Now Mildred Bailey was all through and Clem McCarthy was barking in with the race results on WHN, and can you believe what is happening to Billy? Friar Charles wins, the son of a bitch, five-to-two, the son of a bitch, the son of a bitch! Martin Daugherty, what in Christ’s name are you doing to Billy Phelan?
Here’s how it looked to this point: Martin bet ten across the board on Charley Horse, who wins it, four-to-one; puts a tenner across also on Friar Charles and now wins that one, too; and has a third tenner going across on Hello Chuckie in the sixth at Pimlico, and Hello Chuckie is two-to-one on the morning line. There is more. Martin also parlayed the three horses for yet another ten.

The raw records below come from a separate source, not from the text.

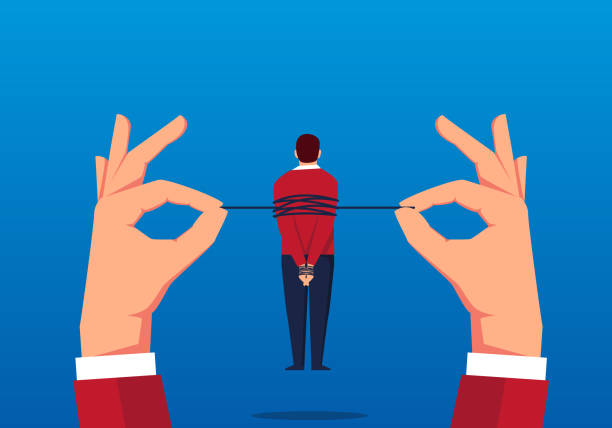 Businessman tied to the air by giants Businessman tied to the air by giants restraining stock illustrations
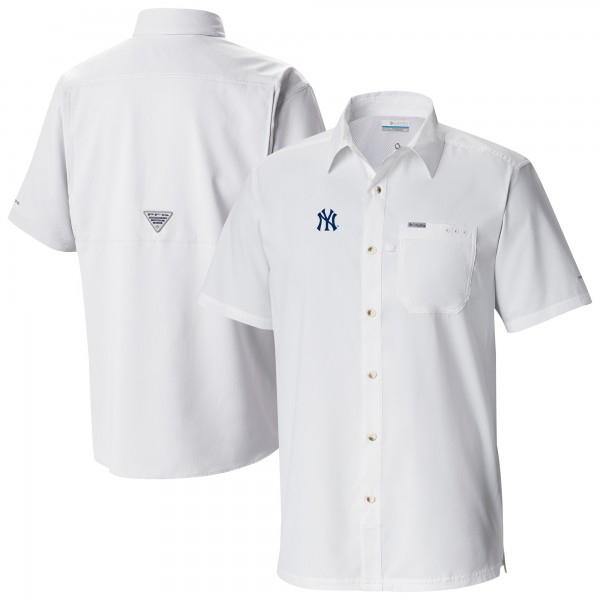 New York Yankees Columbia White Slack Tide Omni-Wick Button-Up Camp Shirt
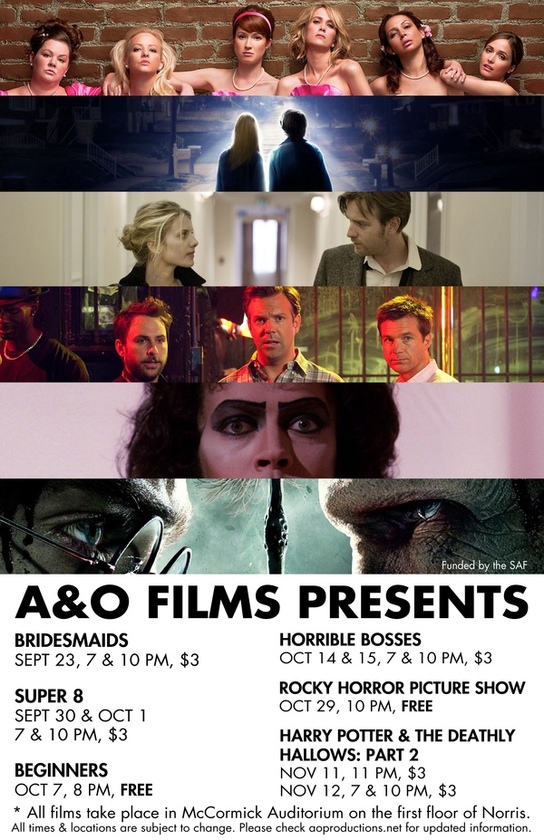 Films Lineup A&O Productions northwestern university poster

Now, Billy knows that Martin is a hell of a sport, always pays, and loses more than he wins, which has always been pleasant for Billy, who takes a good bit of his play. But my Jesus Christ almighty, if he wins the third, plus the three-horse parlay, Billy is in trouble. Billy doesn’t hold every bet he takes. You hold some, lay off some. You hold what you think you can cover, maybe a little more, if you’re brassy like Billy. Billy lays some off with his pal Frankie Buchanan, who has the big book in Albany. But mother pin a rose on Billy. For bravery. For Billy is holding all of Martin’s play. Didn’t lay off a dime. Why? Because suckers and losers bet three-horse parlays. I’ll hold them all day long, was Billy’s philosophy until a few minutes ago when Clem McCarthy came on with the Friar Charles news. And now Billy is sitting at his card table in the front room. (Billy came here to Thanksgiving dinner six years ago and never went back downtown to his furnished room.) His money sits on the floor, next to his bridge chair, in a Dyke cigar box, Dykes being the cigar the McCall machine pushed in all the grocery and candy stores in town.

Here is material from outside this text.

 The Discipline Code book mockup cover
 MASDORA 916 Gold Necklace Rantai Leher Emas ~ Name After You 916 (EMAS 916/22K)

Billy himself sits under the big, shitty print of Mo the Kid in the gold frame. Billy’s fingers are working with his number two Mongol pencil on the long yellow pad, and his eyes keep peeking out through the curtains on the front windows in case state cops step on his stoop, in which case Billy would be into the toilet p.g.d.q., those horse bets would be on their way down the city conduits toward the river, and even the most enterprising raider could not then bring them back and pin them on Billy’s chest.